The Lehman Brother’s major accounting gimmick was known internally as “Repo 105.” Repos, short for repurchasing agreements, are a standard practice on Wall Street. To obtain short-term cash to fund operations, a bank will borrow from another bank, giving that bank some of its assets with the stipulation that it will buy back the assets within a set number of days.
For accounting purposes, such transactions are recorded as financings, not sales, and the assets that are shifted, often overnight, remain on the balance sheet of the bank doing the borrowing. Lehman, however, valued its repo assets at 105 percent or more of the cash it received, and on that basis recorded its “repo 105’s” as sales?moving bad debts off of its balance sheet just long enough to doctor its quarterly financial reports.
According to the examiner, Lehman by such means shed $39 billion from its balance sheet at the end of the fourth quarter of 2007, $49 billion in the first quarter of 2008, and $50 billion in the second quarter.
The accounting scam was so smelly that Lehman was unable to find a US law firm that would sign off on its legality.
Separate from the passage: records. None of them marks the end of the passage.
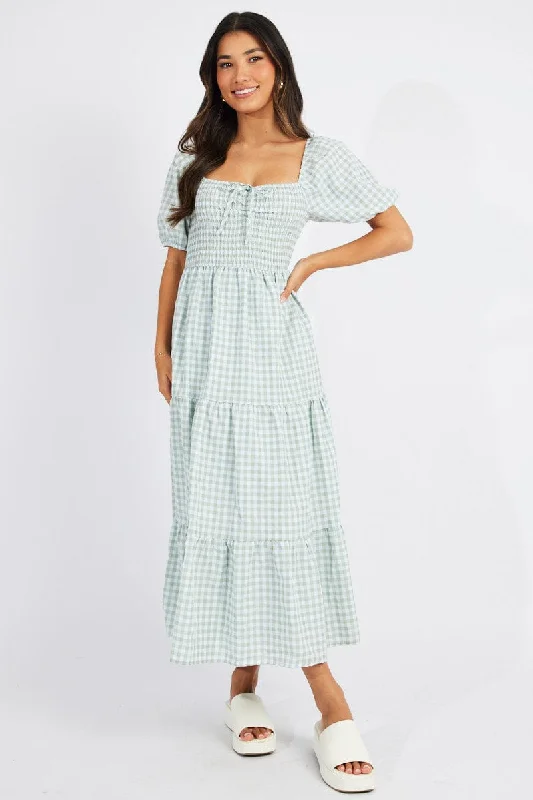 Green Check Maxi Dress Short Sleeve Shirred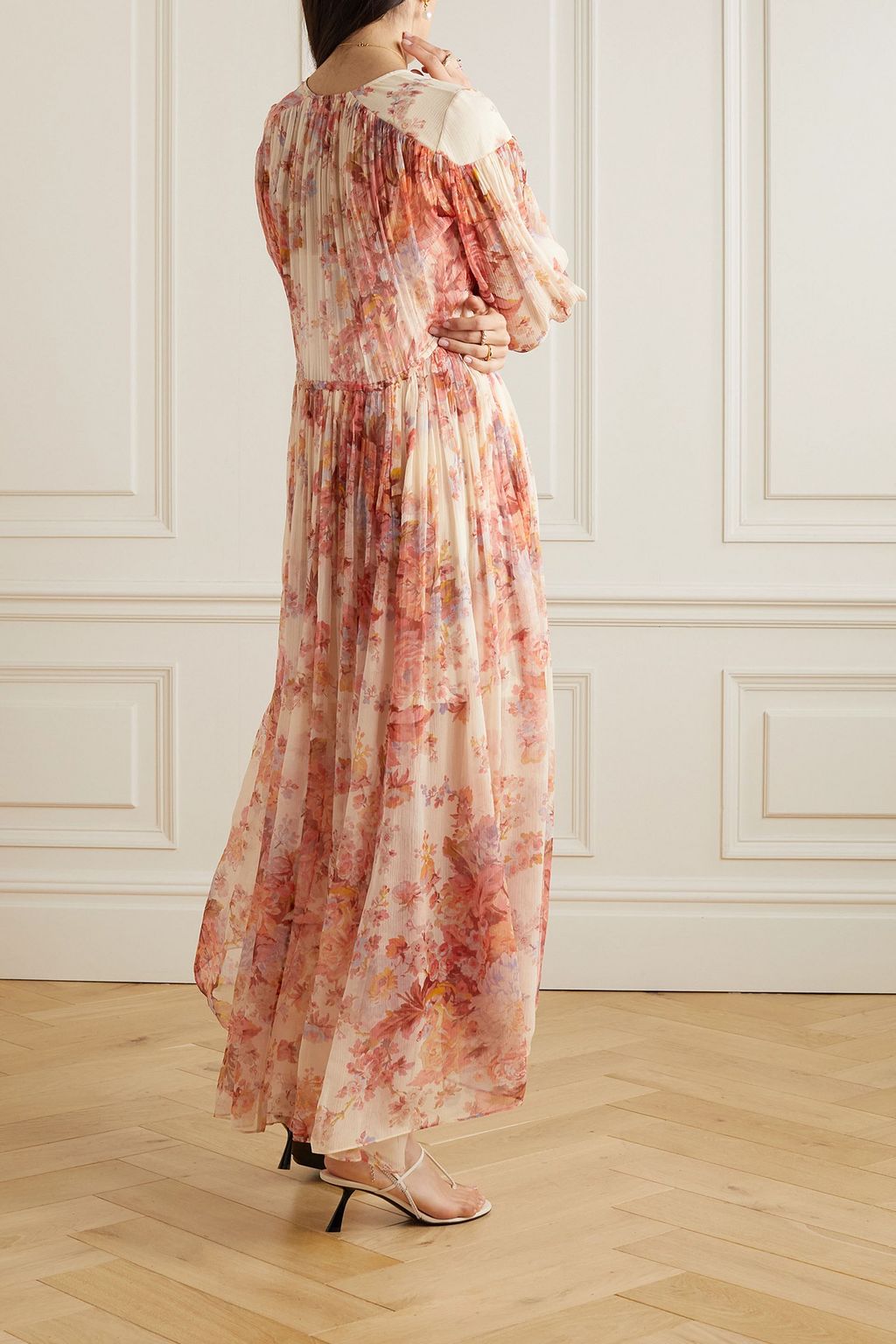 ZIMMERMANN シルクシフォン マキシワンピース ギャザー入り フローラルプリント
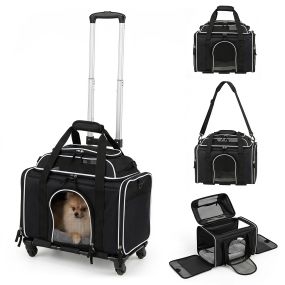 Transportín para mascotas 3 en 1 con base rodante, cremalleras seguras y ventilación, 46 x 29 x 28 cm, negro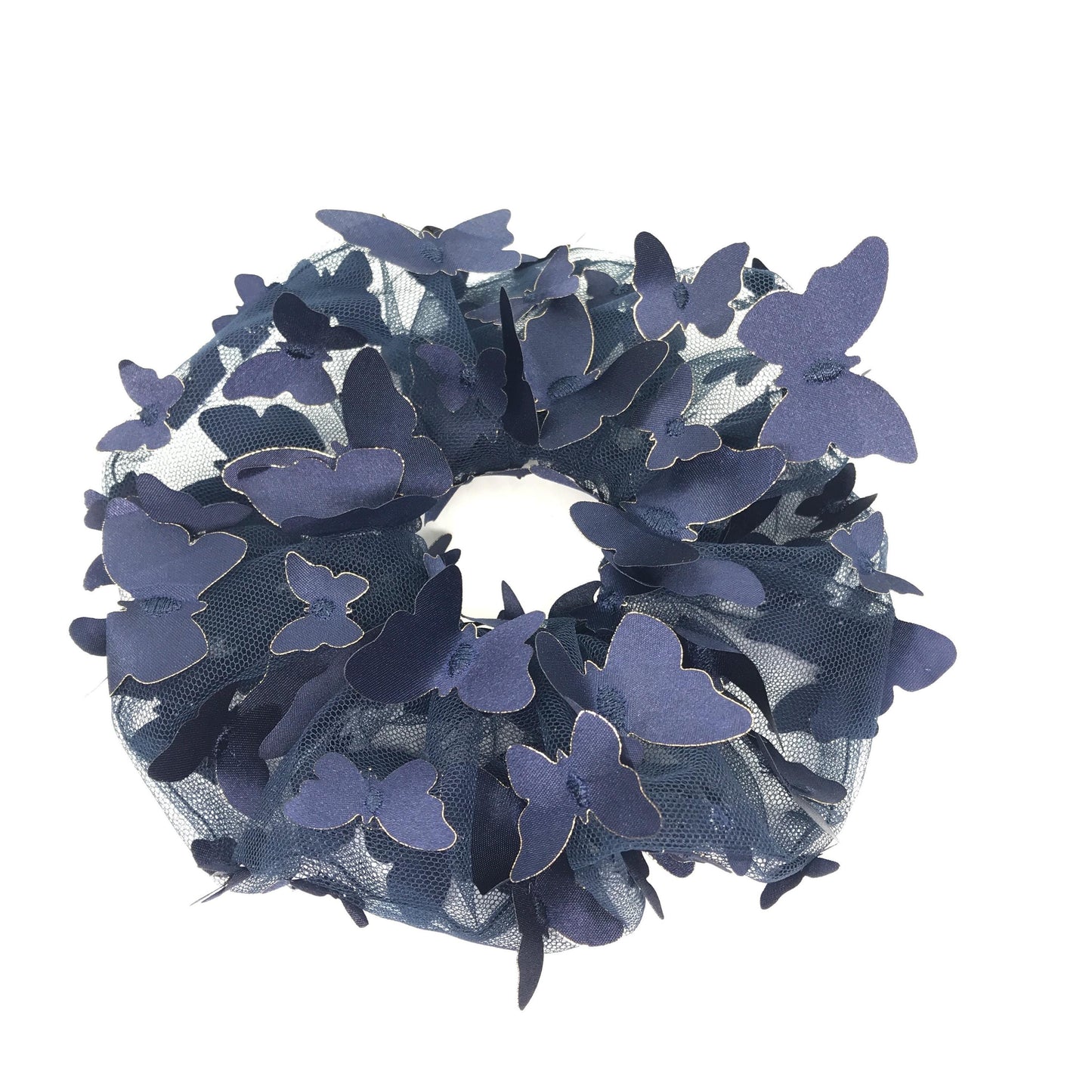 3D Butterfly Tulle Scrunchies, Unique Style, Lively Hair Accessories, Stylish Hair Ties, Creative Ponytail, Bun Holders in Blue Colors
In the end, it retained a British firm that sanctioned the maneuver as legitimate under British law. Lehman had to conduct its “Repo 105” operations through its London-based branch and shift funds from the US to Europe to carry out the deals.
Valukas asserts that CEO Richard S. Fuld Jr. and three chief financial officers knew of and approved the shady transactions, and the bank’s auditor, accounting firm Ernst & Young, covered up for the executives. The examiner concludes that the four executives breached their “fiduciary duty” to Lehman’s shareholders and board of directors, and adds that there is “sufficient evidence” to support a legal claim that Fuld was “at least grossly negligent.”